Saturday, November 09, 2019

Episcopal Exiles at Home

By a coincidence that strikes me as meaningful, the first two things I read today say virtually the same thing: Episcopalians, be conscious how we let the prevailing values of secular culture warp our faith.  We are like the Jews returned from Babylon, strangers in their own land who want to fit in.



[Image of the return to Jerusalem of the Babylonian exiles. Julius Chnorr von Carolsfeld, Julius 1794–1874. From AKG-Images]



Bishop Daniel Martins, reflecting on Ezra 9.1-15, gives us the book's context: "The exiles returning from Babylonian enslavement, under Ezra's leadership, struggle to maintain their identity as people and a nation." He allows that Ezra's strictures against intermingling with Gentiles can be "off-putting or offensive." But then he compares his Christian readers to Ezra's people:

We face a similar challenge as we navigate a secular society that exalts egotism, competitiveness, acquisitiveness, vanity, exploitation, violence, and other values contrary to the way God asks us to live. These backward values are embedded in our culture in ways we're not even consciously aware of.
-from Forward Day by Day, November 9, 2019

Theologian Julia Gatta similarly writes about a "cultural matrix" that warps our perceptions.

The advertising world turns toddlers into consumers and pre-teen girls into objects of sexual attraction. Adolescent peer pressure can take a sinister turn with the unlimited possibilities available in social media for exposure and mocking.... [The entertainment industry] capitalizes on violence, ridicules chastity, discounts honesty, and glorifies greed.
-Julia Gatta, Life in Christ: Practicing Christian Spirituality, p.17.

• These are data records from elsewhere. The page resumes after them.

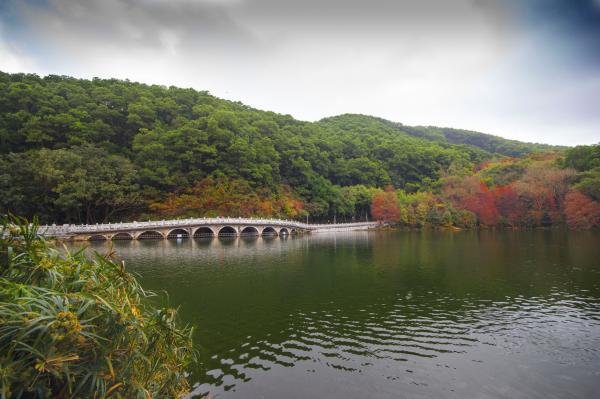 仙湖植物园十一孔桥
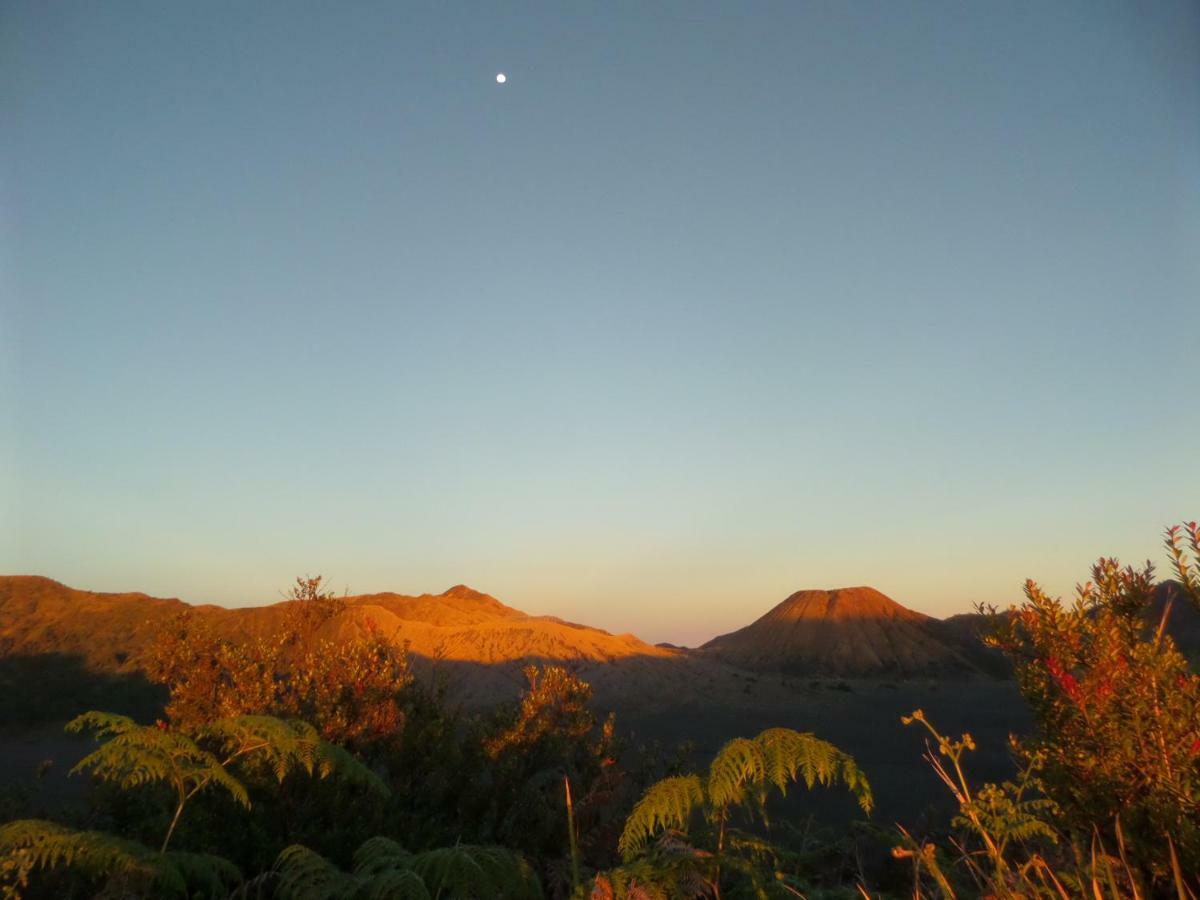 Tengger Indah Homestay Bromo Bagian luar foto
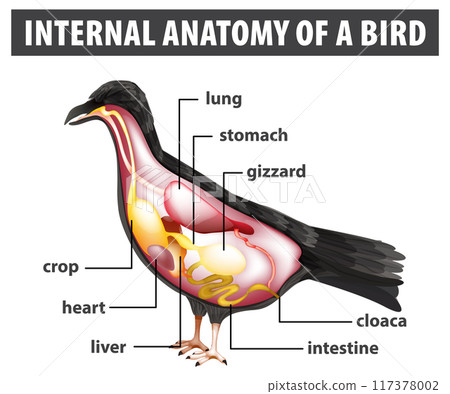 Internal Anatomy of a Bird 117378002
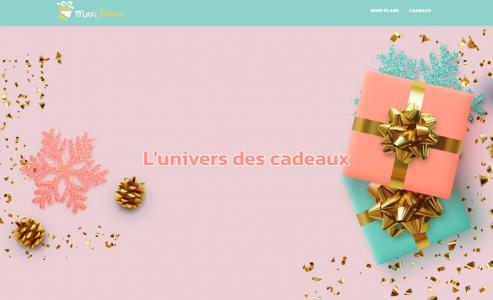 https://www.maxi-promo.fr
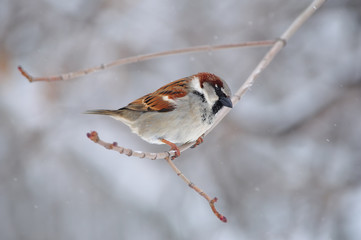 House sparrow (Passer domesticus) sits on a branch under falling snow.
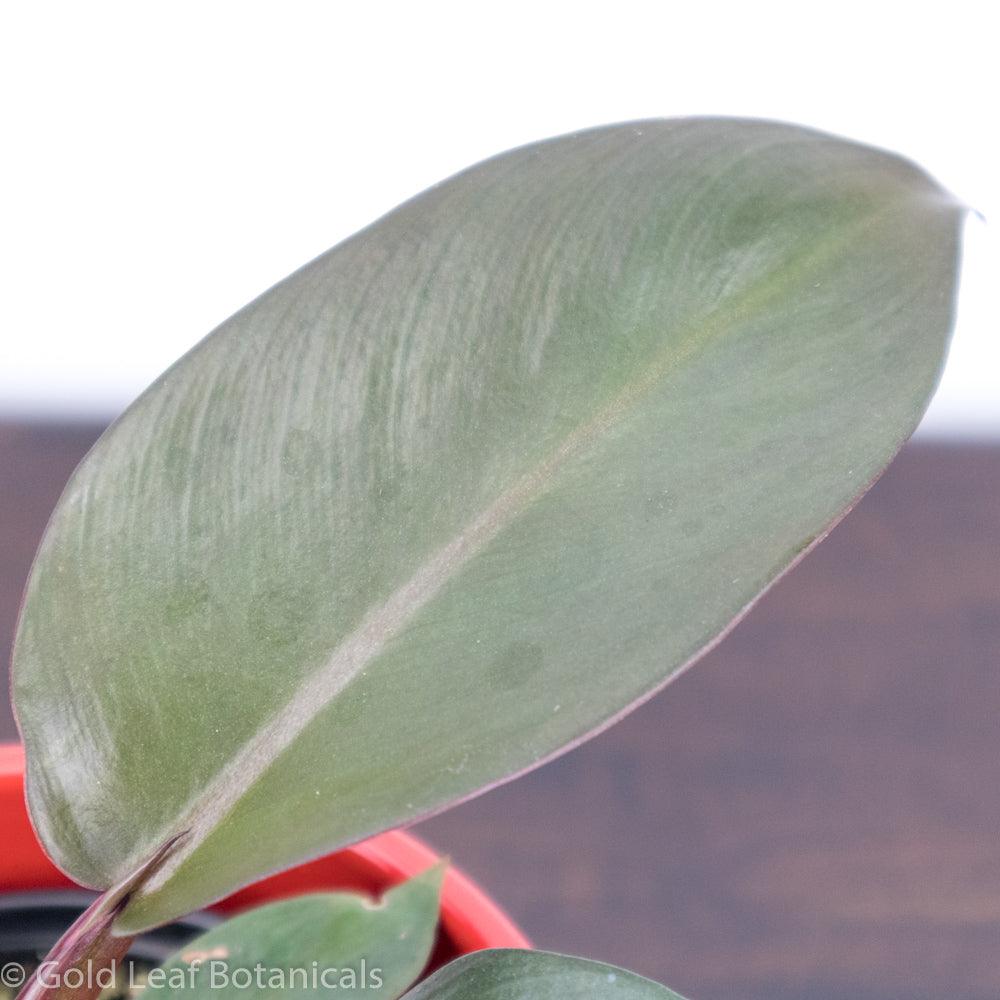 Black Cardinal Philodendron Plant Care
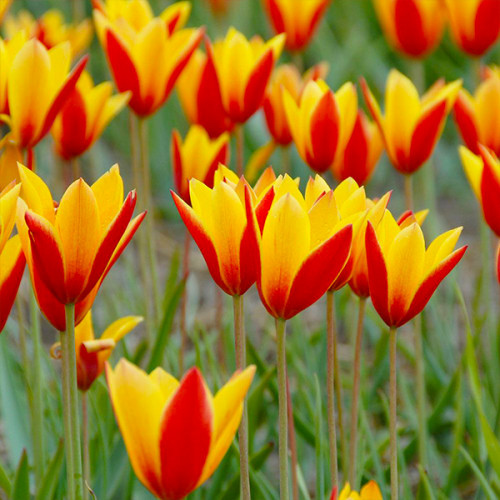 Тюльпан Клузиана Хризанта 50 цибулин розмір 5/+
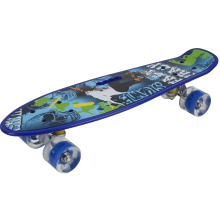                             Skateboard FAST TRACK 54,5cm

These are the "evil powers of this world" that we renounced just last week in our Baptismal covenant. She's not pointing fingers away from herself, as she adds, "It is easy for religious liberals to expose social sin and for religious conservatives to decry personal sin," and that we should remember what Jesus said about seeing the speck in someone else's eye, missing the beam in our own.

These two writers, relating us to the story of the Hebrew exiles and the oft-repeated Baptismal vow, give a sharper focus to my amorphous unease about our culture. I've always felt like an exile in my own land; today I have a clearer sense of why.

Of course, as a teacher, this makes me an alien to my students. A child who attended my own church underscored this during a class when I asked, "When someone strikes you on the cheek, what does Jesus say to do?" Everyone said, "Hit him back!" Of course, I said, "No, turn the other cheek." The class was incredulous. This boy, tears in his eyes, said, "Is that for Episcopals, too?" Sigh.